- [EXERCISE BRIEF] Only the lines from the beginning of the material below through the line with "Black / Kona" should be retyped exactly, and pictures are to be skipped.

....................

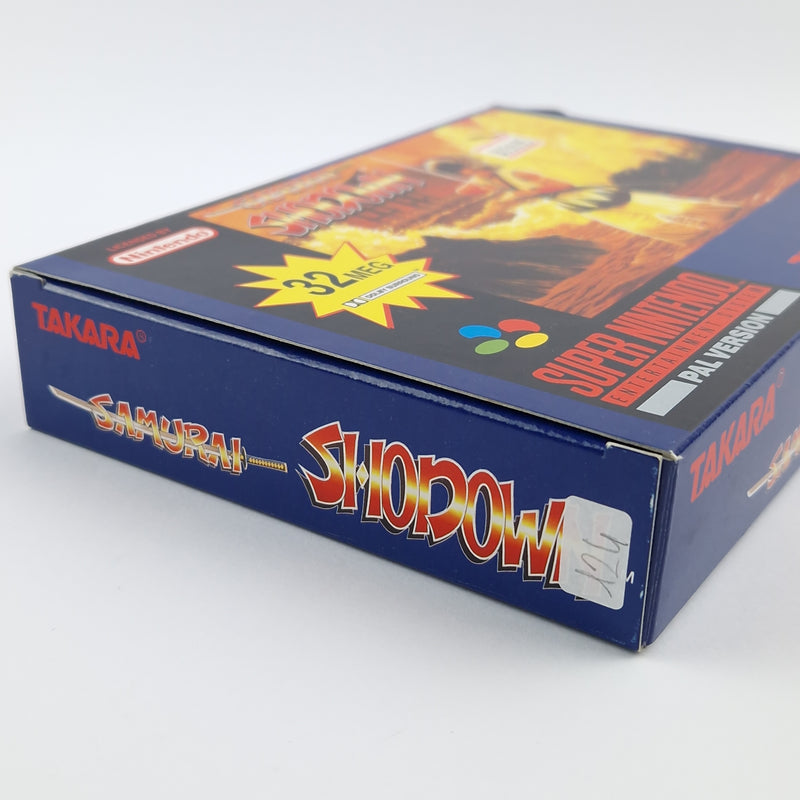 Super Nintendo Spiel : Samurai Shodown - Modul Anleitung OVP cib Box / SNES PAL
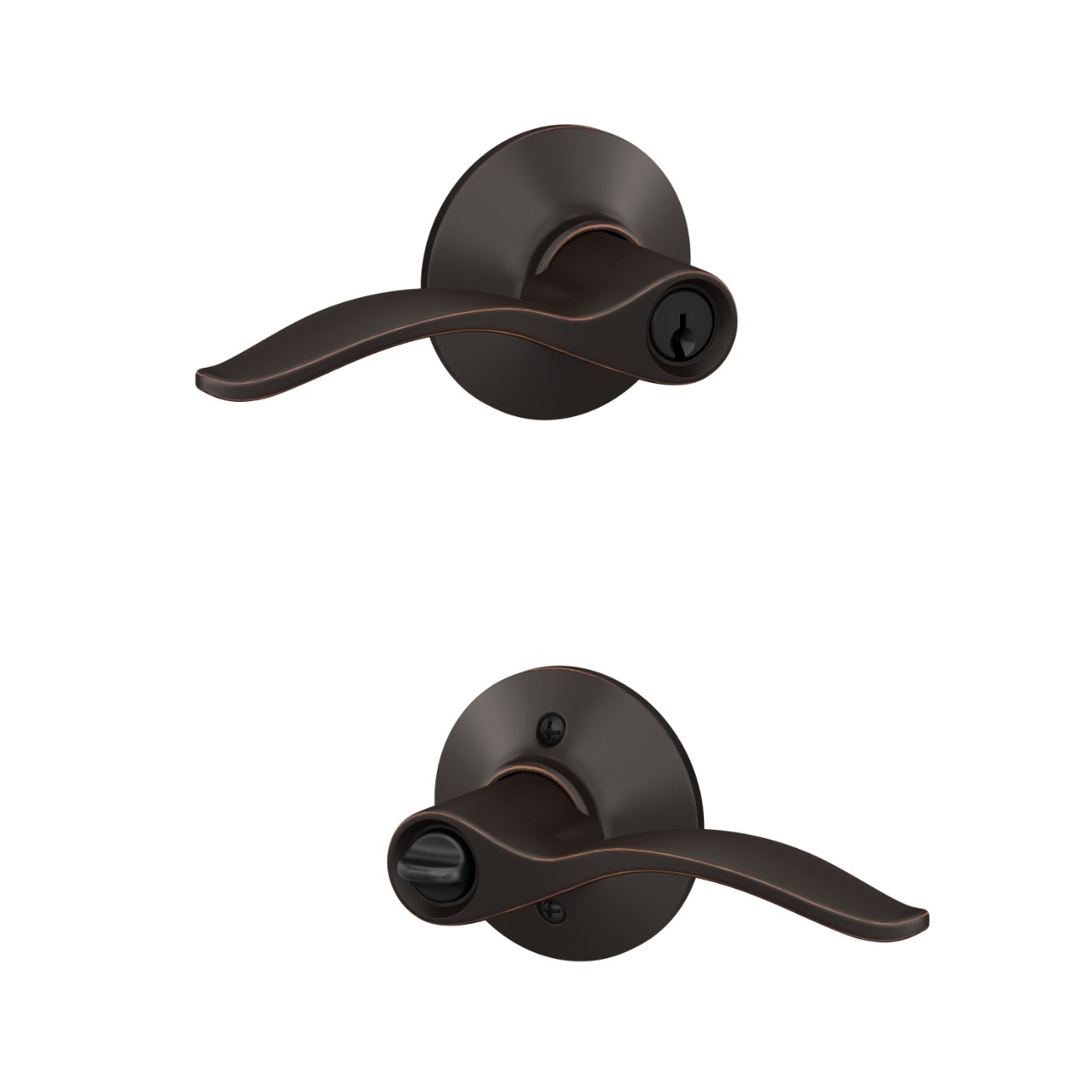 Pennant Lever Keyed Entry Lock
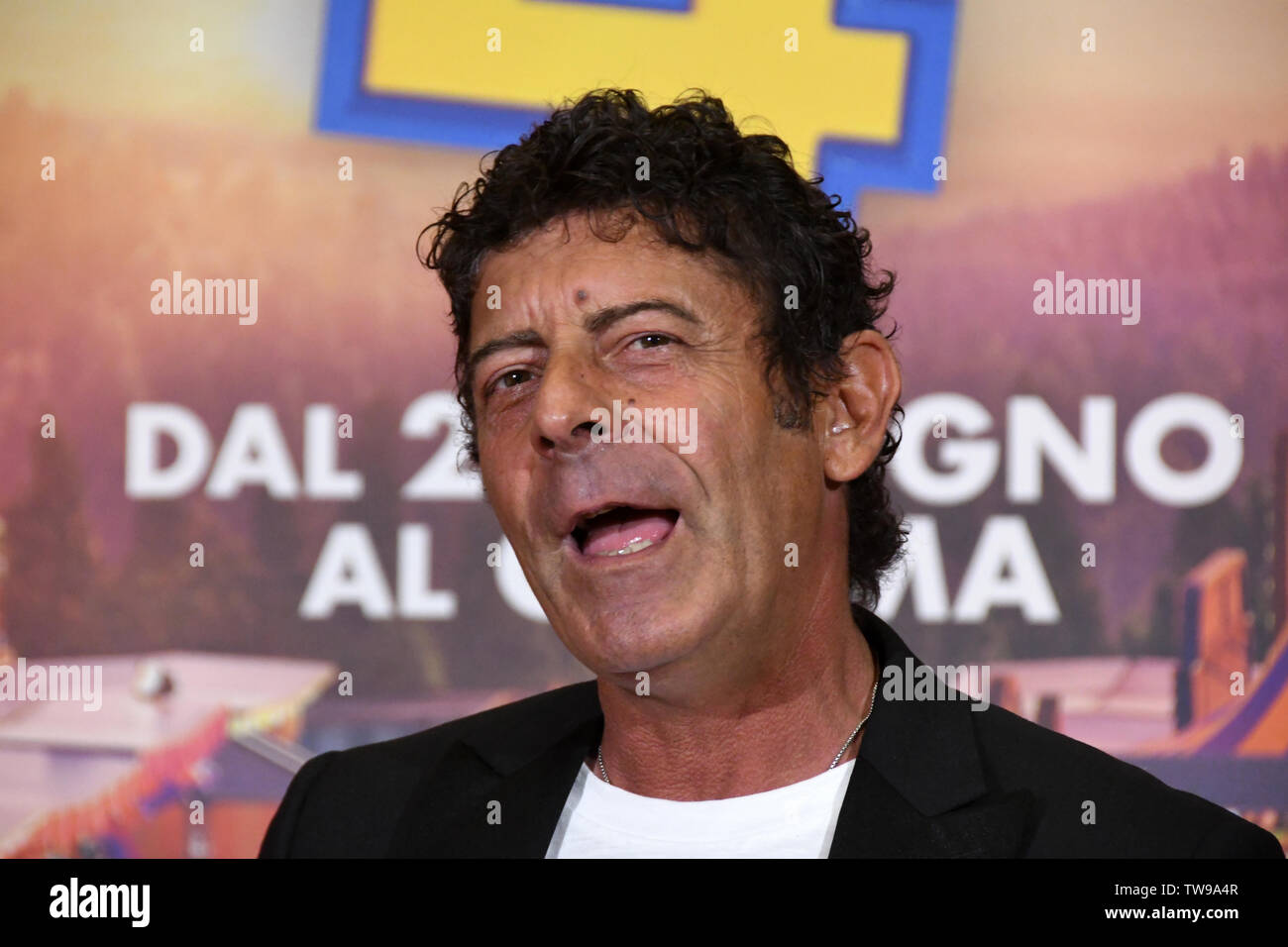 Rom 18 Giu 2019 Hotel Parco dei Principi Film Präsentation Toy Story 4 Luca Laurenti die italienische Stimme der Husli Credit: Giuseppe Andidero Stockfoto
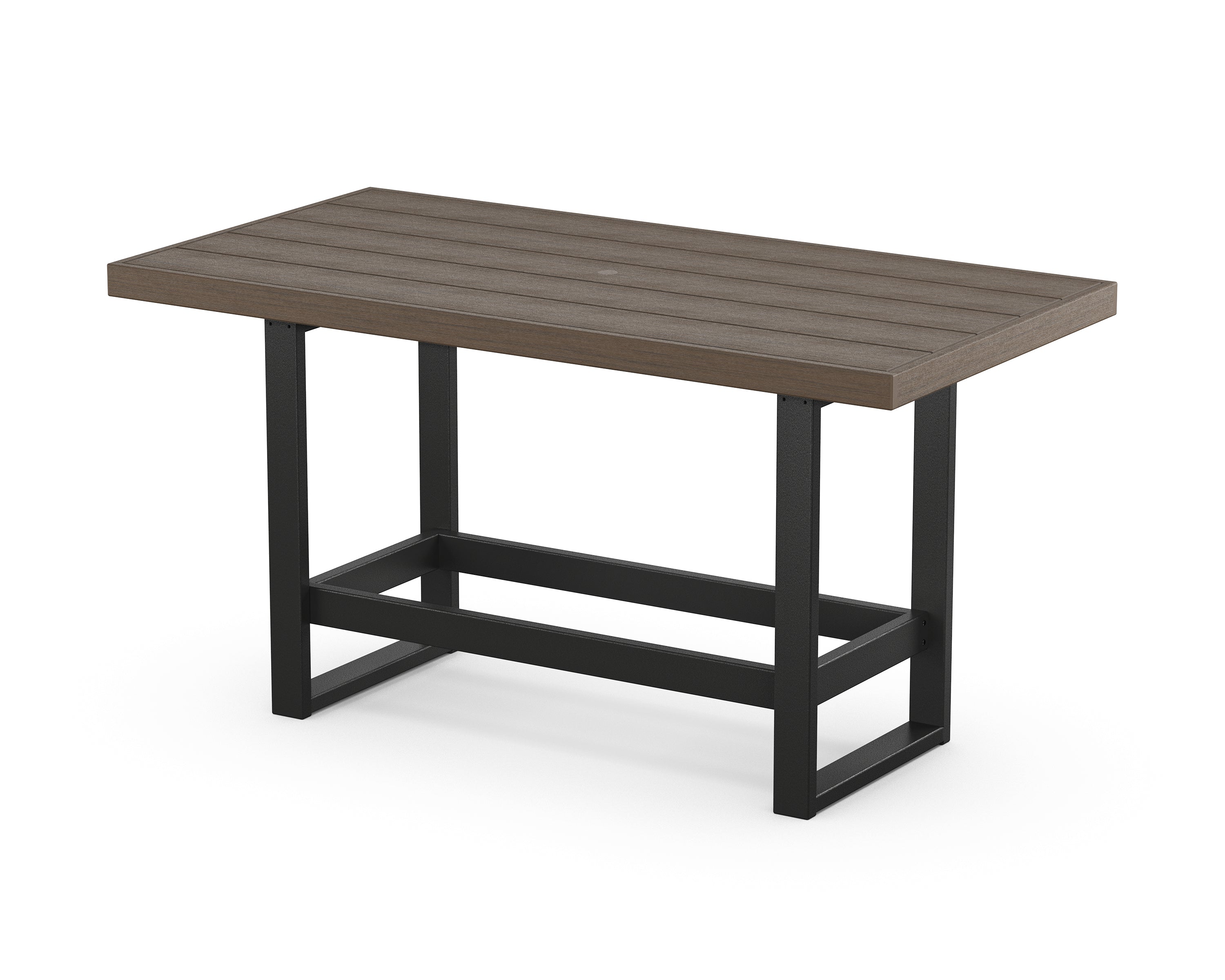 POLYWOOD® EDGE 40" x 78" Bar Table in Black / Kona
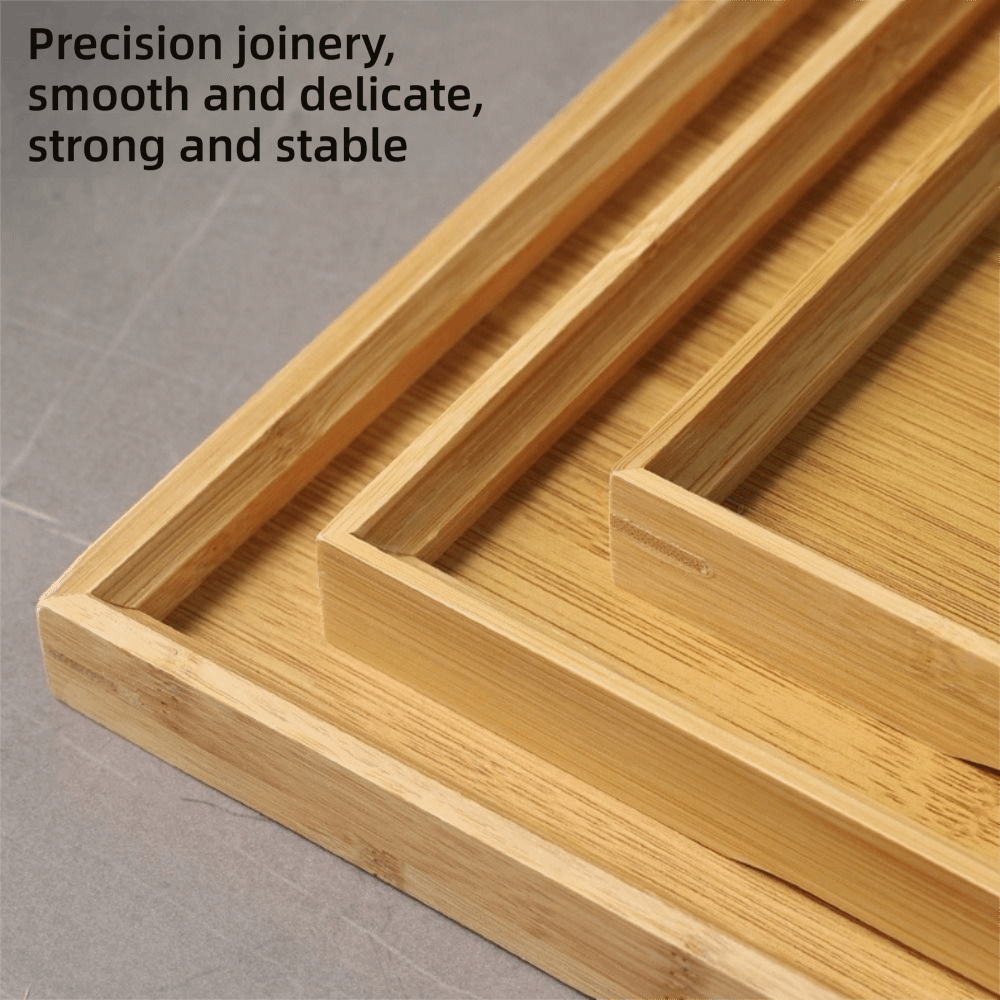 Decorate Tray Natural Bamboo B - Food Storage Table recensie en prijs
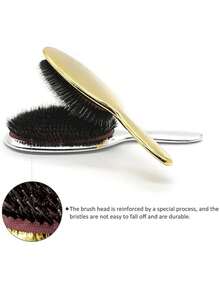 奢华金银色猪鬃扁平发梳，椭圆形防静电发梳，美发按摩梳，返校季、旅行度假必备，发梳，木梳，发刷，梳子，理发师，后梳，梳子，梳发，卷发梳，解结梳，球形梳，迷你发梳，卷发产品，圣诞节，美发，木梳，发梳，迷你发梳，解结梳，发刷，卷发梳，美发工具，发梳，后梳，造型梳，卷发梳，边缘梳，发梳，梳发，发刷套装，梳发，卷发梳，解结梳，女士发梳，头发，旅行，美发产品，美发工具，美发用品，理发师，理发师配件，理发店，美发设备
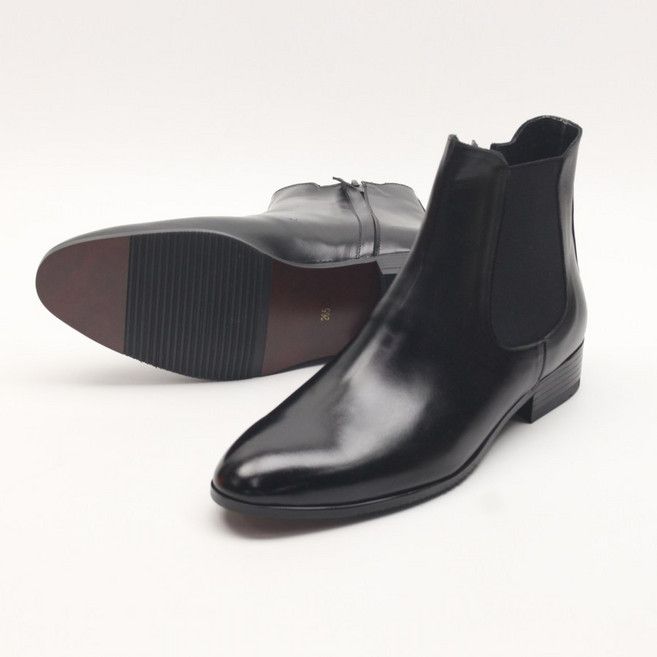 GUDUVORA(구두보라) 남성 수제화 남자 가죽 첼시캉 부츠 GV009AN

....................

- [TASK RESULT]
 Super Nintendo Spiel : Samurai Shodown - Modul Anleitung OVP cib Box / SNES PAL
 Pennant Lever Keyed Entry Lock
 Rom 18 Giu 2019 Hotel Parco dei Principi Film Präsentation Toy Story 4 Luca Laurenti die italienische Stimme der Husli Credit: Giuseppe Andidero Stockfoto
 POLYWOOD® EDGE 40" x 78" Bar Table in Black / Kona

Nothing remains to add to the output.